Kalemi eline alan genç adam, kalbinden gelen sese kulak vererek yazmaya başladı.
Güvercinin kanadındaki dikenin gülünü bahçemde, kaderin zincirindeki kolyeyi yüreğimde bulduğum Zümrütüm, bana yakınları uzak, uzakları yakın eden, sönmüş güneşimi lava çeviren bahtım, gözlerindeki derinlikte huzuru bulduğum, içimdeki aşkın hayat yanı, dudaklarımdaki gazel, ellerimdeki boşluğun sahibi ben seninle var oldum, seninle varım…
Yazmış ve o günün yorgunluğu ile huzur içinde uykuya dalmıştı…
Sabahın ilk ışıkları sızarken bugünün başka bir gün olacağını sezdi içinden, acı içinde açtı gözlerini, ayağını şiddetle yatağının kenarına çarpmış ve bu ona derin bir acı vermişti. Ne yapacağını şaşırdı birden, acısına sevinmelimiydi? Evet evet sevinmeliydi. Hissettiği ayaklarının acısıydı. Yavaşta doğruldu, ayağını yere bastı, “Aman Tanrım” yere basıyorum diye bir çığlık attı. Yardımcıları odasına koşuşup onu öyle ayakta görünce sevinç çığlıkları attılar…
Tam o sırada güvercin göründü pencere kenarında, ne gariptir ki ayağında not yoktu. Yazdığı kâğıdı ayağına bağladı ve uçmasını izledi.
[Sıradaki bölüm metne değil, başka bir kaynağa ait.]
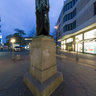 Georgstrasse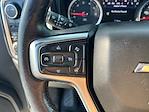 2021 Chevrolet Silverado 2500 Crew Cab 4WD Pickup for sale #1C1171A - photo 42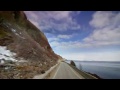 Google Street View Hyperlapse on Vimeo 2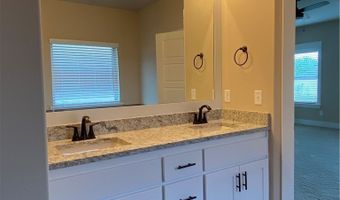 3607 SW Carter Rd, Bentonville, AR 72713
Kısa sürede genç kızın eline geçmişti not, okuduğunda o güzel gözleri büyüdü şaşkınlıktan, nehrin kenarında gördüğü kişinin notun sahibi olduğunu anladı. Bir yandan üzülüyordu. Neler demişti ona öyle..!
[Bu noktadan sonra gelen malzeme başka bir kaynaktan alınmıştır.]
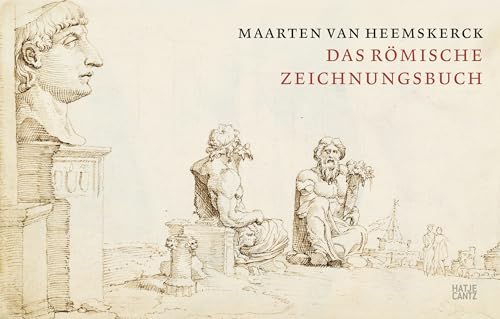 Stock image for Maarten van Heemskerck for sale by Blackwell's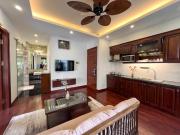 NINE HOUSING 535 Kim Ma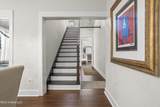 647 Howard Avenue - Photo 59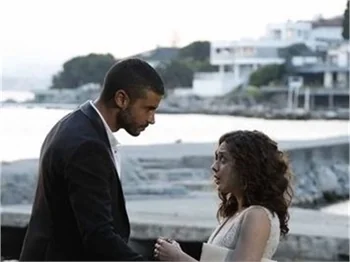 Seren Şirince'den samimi açıklamalar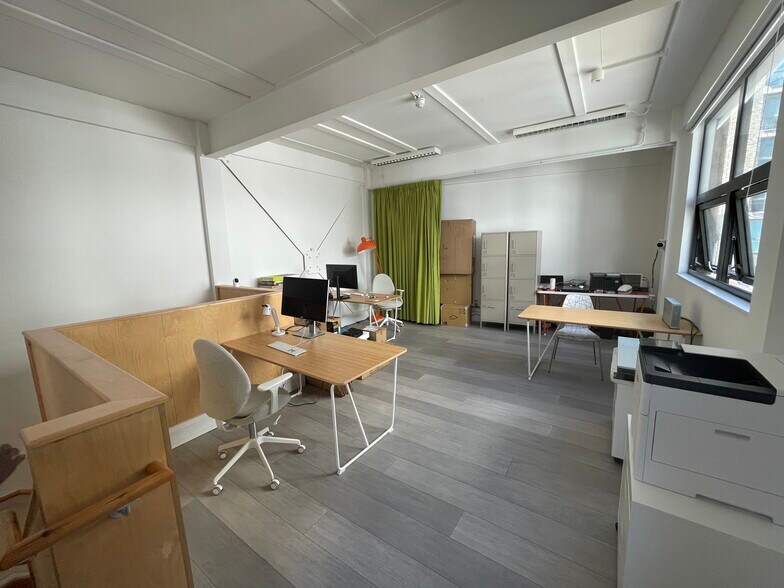 1-13 Lovibond Ln, Londres à louer - Photo intérieure - Image 3 de 7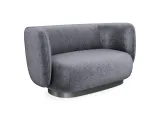 item-0b5ef76dcc/964874-7aef5680131d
Hemen eline kalemini aldı ve kalbinde hissettiklerini kâğıda döktü…
Kalbimi yalnızlığın köleliğinden kurtaran yabancı, varlığıma pusular kuran, sevdamın dilsiz yanı, gözlerimdeki huzura doğan güneşim, kaderinin boynuna taktığın zümrütte benim, ellerinin sahibi de, sen güneş olup bana sızmadıkça bu zümrüt ışık olup hayat saçar mıydı?
Aşkı hiç olmayacak yerde canlandırıp hayat katar mıydı?
Yazdı ve yolladı…
Ve o andan itibaren her ikisi de kendilerini bahçede buldular. Genç adam çok halsiz atıyordu adımlarını ama kalbi uçuyordu adeta, bu ona güç veriyordu. Birbirlerine öyle bir sarıldılar ki, olanı biteni etrafındakiler hayretle izliyor, ne diyeceklerini bilemiyorlardı. Birden sesini yükseltti genç adam kesin bir kararla “Yasak ettiğim pencerenin duvarlarını yıkın” diye yankılandı sesi…
Kısa süre içinde duvar yıkıldı.
"Duvarı ne kadar yüksek yaparsanız yapın gün ışığı ile aşkı hiçbir şekilde engelleyemezsiniz. Her neredeyse zamanı geldiğinde kalbinize sızar…"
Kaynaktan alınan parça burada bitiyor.